So you have to read He Broke My Car in order to understand this. However, his birthday was 2 days ago and he decided to make himself known. Not that he hasn't right along. He loved the kettle I have in the kitchen...the electric one that heats water to nuclear. That has come on out of the blue. No one near it. No one, I said. Random drawers open in my bedroom. Whenever. I close them, he opens them. I close them, they open in the middle of the night. Listen, believe what you want. Ok...but that's not the story.
My friend will remember that one time I went out to listen to music with him and couldn't find my keys to my car. I had to punt and take my roommate's car. So my keys are an ongoing issue. OK, I am the issue and it manifests most often as my keys. They were missing for a solid 3 months before I found them. But that's not the story, either.
I have a Ford Edge that I adore. It came with 2 fobs. You all prolly have them. Lock, unlock, alarm, etc. Once upon a time, when my brother, Gary, broke my car he INSISTED it was the fob. It wasn't the fob then, nor was it when I had it fixed. This story is because it was the fob this time!
I told him. I told him the fob ran out of juice before. My car tells me it's gonna happen. A nice little message pops up and says the battery is getting low. That very thing happened yesterday! So tonight, I went and got batteries (2 batteries per fob) and decided it was best just to get it out of the way. I proceed to take apart fob one. I replace the batteries. Of note, that little key inside, that was there. Read He Broke My Car, it will all make sense.
Anyway, I replace the batteries and go to put the fob back together. Luckily, I am having a day where I am patient. I'm not even cussing! I know! So it's just not going back together. It's apart in so many ways I can't explain but I am not able to figure out how to get it back together. The little do-da that holds a keychain will not go back together. I can't do without it because, keychain! I work with it, patiently. For a rather long time. Pause...
My sister, Gary's sister, her brother...that one....Kristy and I are talking about something else. Of course, by text. I don't want to actually talk on a phone. That's for alllll the birds. Anyway, random conversation by text is happening. Finally, my patience is taking a small hit so I tell her that HER brother is an asshole and I am trying to put the fob back together, because it really IS the fob this time, and he is fucking with me! See, he made me start cussing. She mentions that there seems to be a problem with Gary now being HER brother. I didn't see how that is related, but whatever.

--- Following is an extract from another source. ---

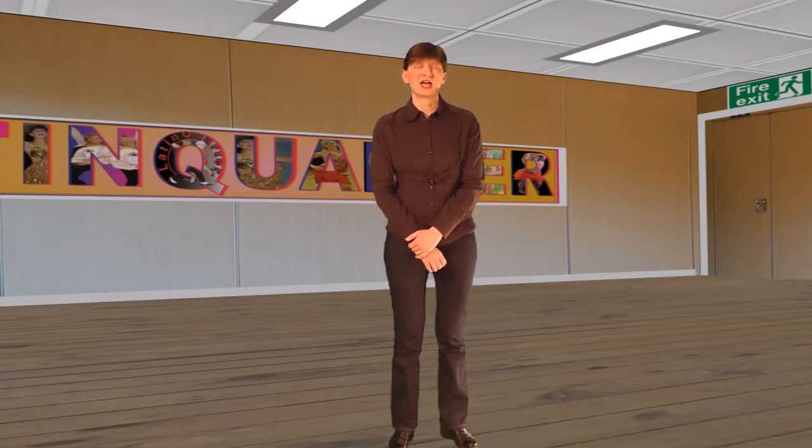Hi, my name is Lisa. I am a dancer and teacher with Latin Quarter and would like to thank you for visiting our YouTube channel. This video is concerned with the purchase of shoes for dancing.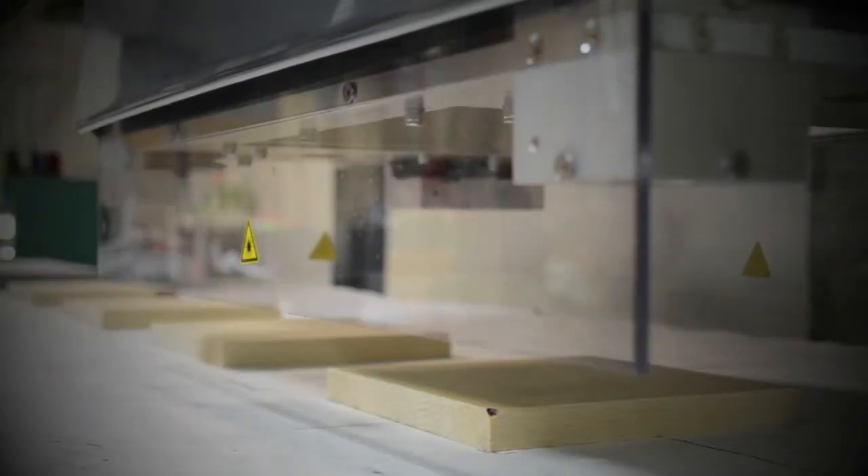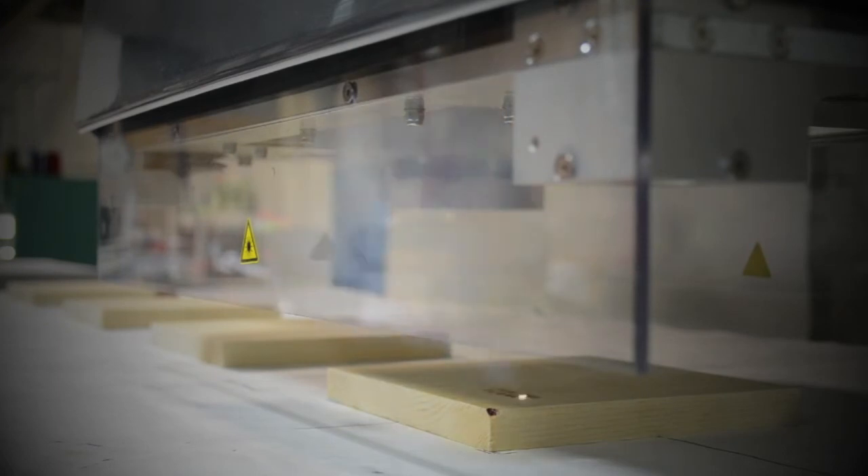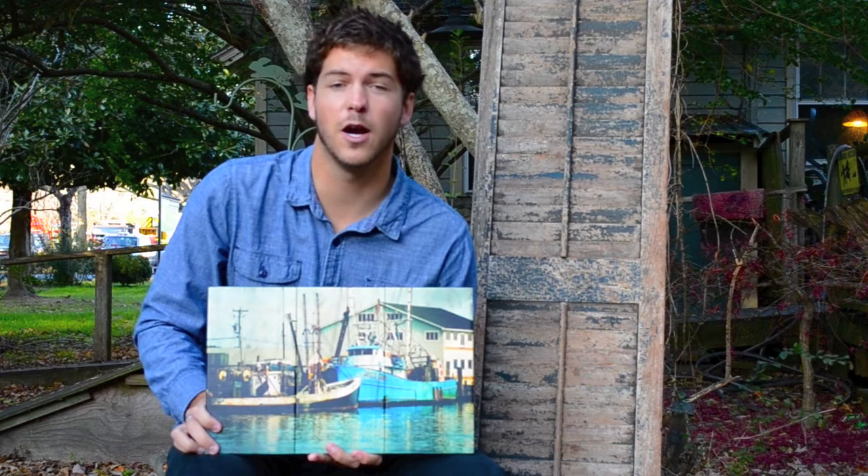Plaque That uses responsibly managed FSC wood and is a proud member of 1% for the Planet, donating 1% of our annual revenue to environmental organizations worldwide. Thanks for stopping by the site and please let us know if you have any questions.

Now that I have cussed, him specifically, I am able to mind meld it and figure out what I am doing wrong and I put the fob right back together like it was never a thing. All done. I needed to cuss him. He needed to know that I recognized that is WAS the fob, this time. It was his birthday present, apparently. Ok already. It was finally the fob. Law of averages said it would be, sooner or later.
Both fobs now have 2 new batteries. That should last them for a good long time. Know what? Next time it is the fob again, my car will tell me again, because that is what my car does!
To Kristy's brother. You're an ass. Love, Hopie.